**The task:** The data below is to be transcribed word for word; pictures are to be excluded.
[Supplied material — start]
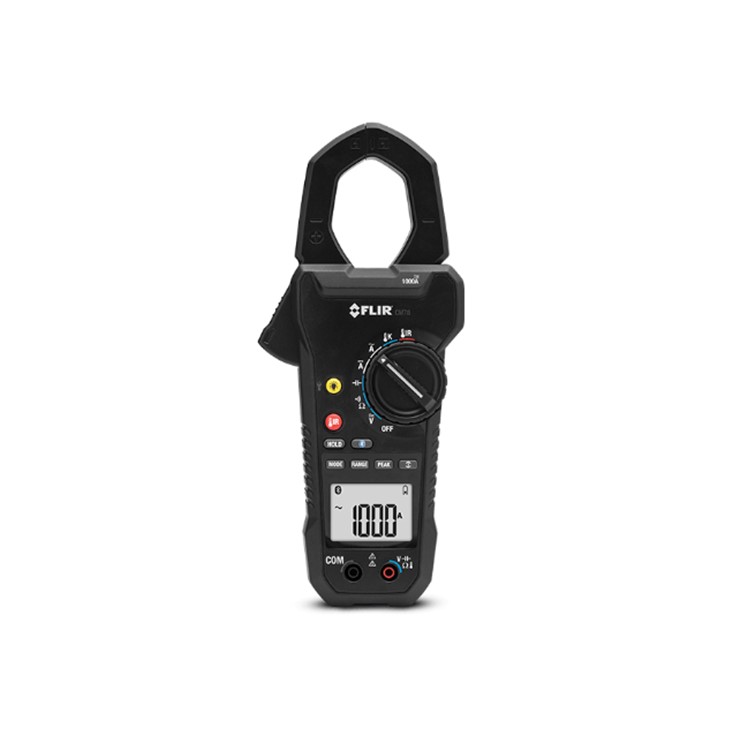 FLIR CM78 적외선 온도계가 장착된 1000 Amp 클램프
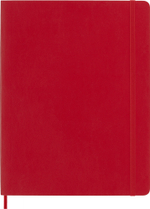 Блокнот Moleskine Classic Soft 19х25 см, 192стр. в линейку, мягкая обложка, красный (QP621F2)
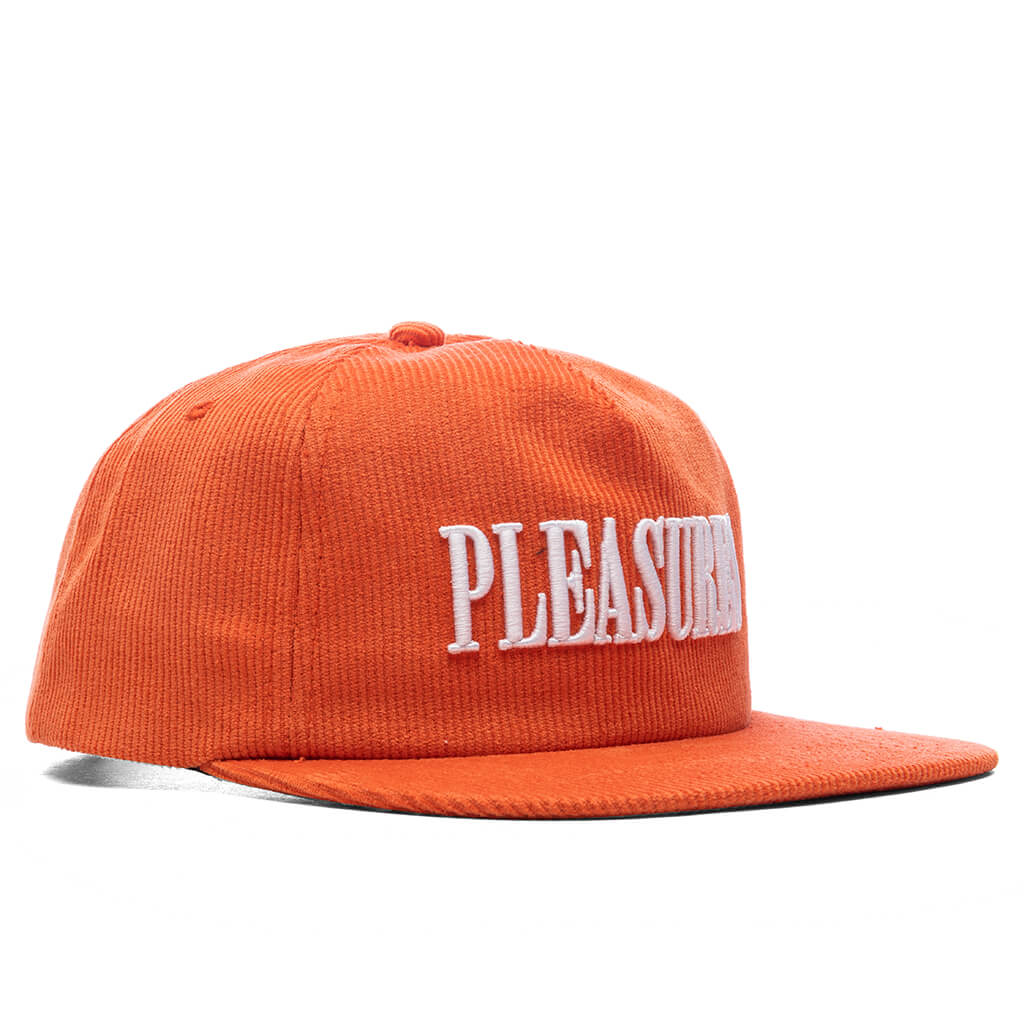 Onyx Corduroy Snapback - Safety Orange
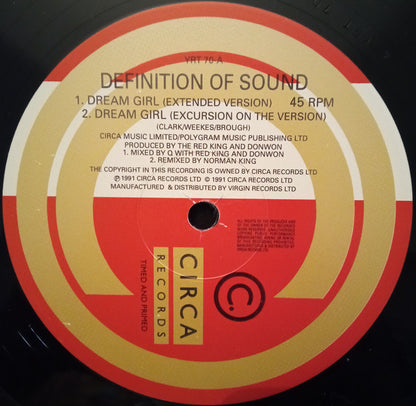 Definition Of Sound : Dream Girl (12", Single)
[Supplied material — finish]
**Answer to this problem:**
 FLIR CM78 적외선 온도계가 장착된 1000 Amp 클램프
 Блокнот Moleskine Classic Soft 19х25 см, 192стр. в линейку, мягкая обложка, красный (QP621F2)
 Onyx Corduroy Snapback - Safety Orange
 Definition Of Sound : Dream Girl (12", Single)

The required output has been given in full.